Extracted information ::
========================================
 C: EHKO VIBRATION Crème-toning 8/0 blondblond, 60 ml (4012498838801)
========================================
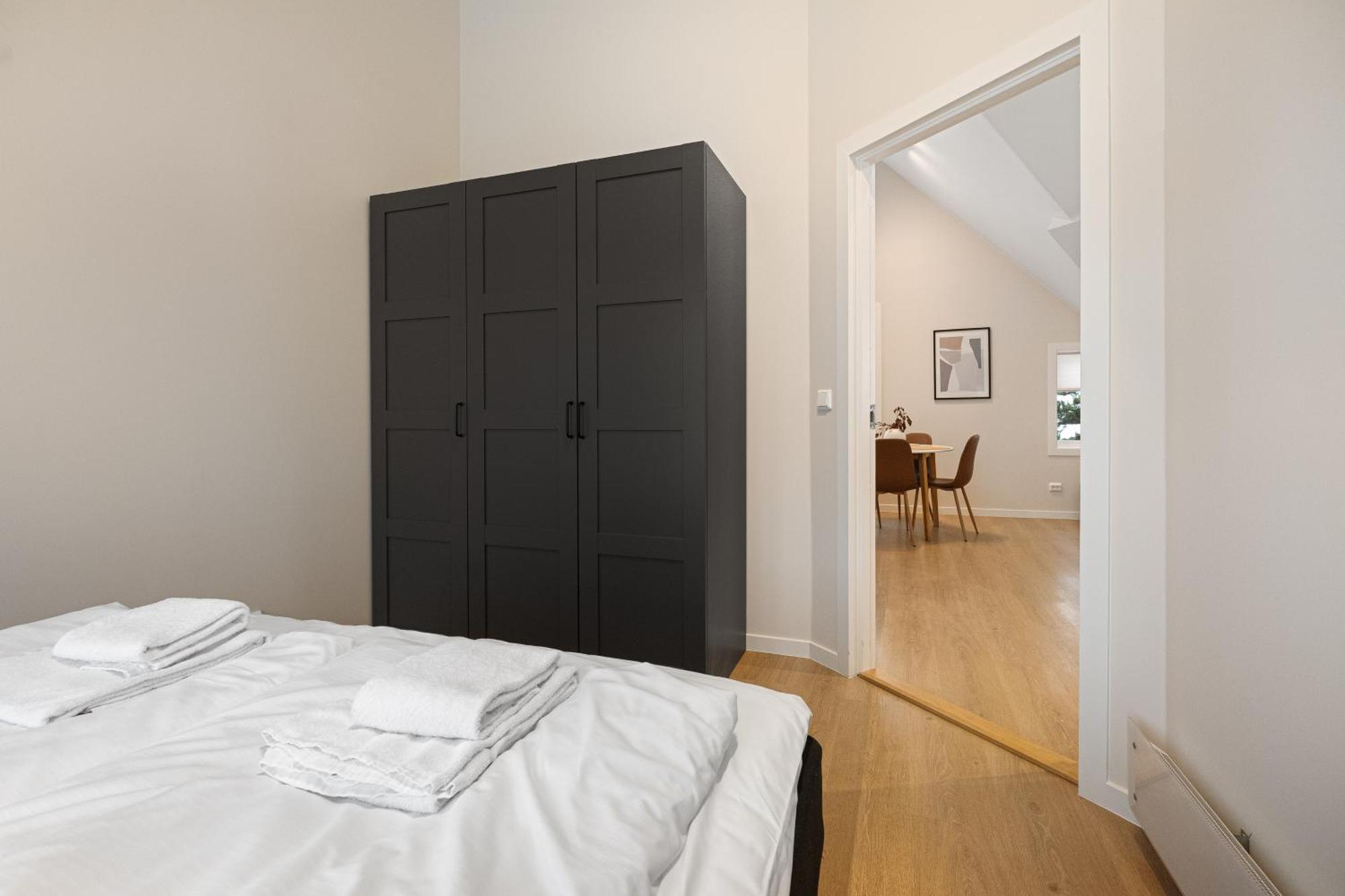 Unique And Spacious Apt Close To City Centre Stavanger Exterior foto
========================================
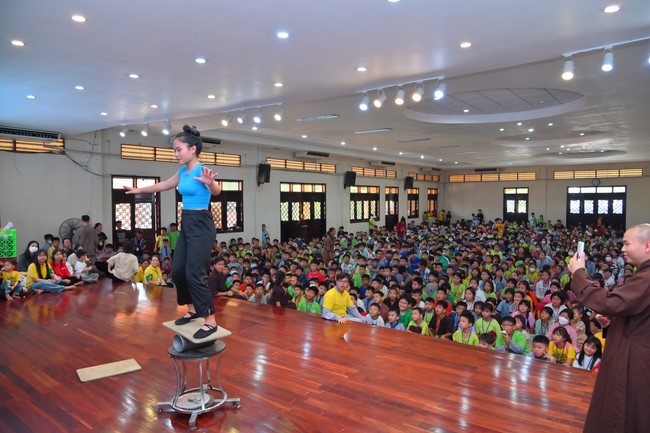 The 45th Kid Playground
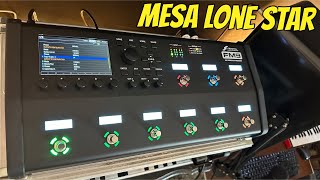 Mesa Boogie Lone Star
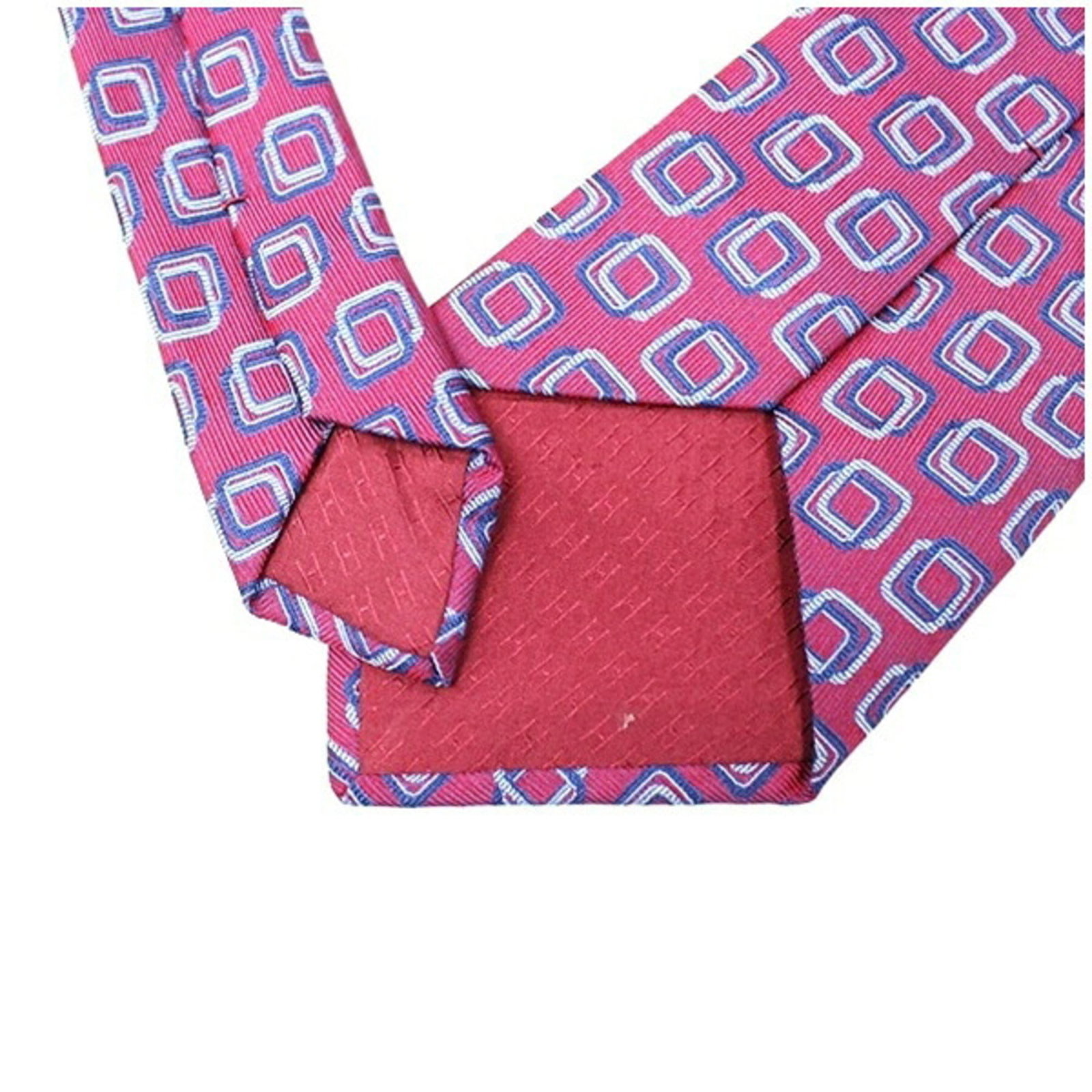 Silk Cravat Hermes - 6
========================================
Your objective ::
Output exactly, and only, the lines of the entries above from the one with "The 45th Kid Playground" up to and including the one with "Silk Cravat Hermes - 6"; pictures are to be left out.

Exercise solution ::
 The 45th Kid Playground
 Mesa Boogie Lone Star
 Silk Cravat Hermes - 6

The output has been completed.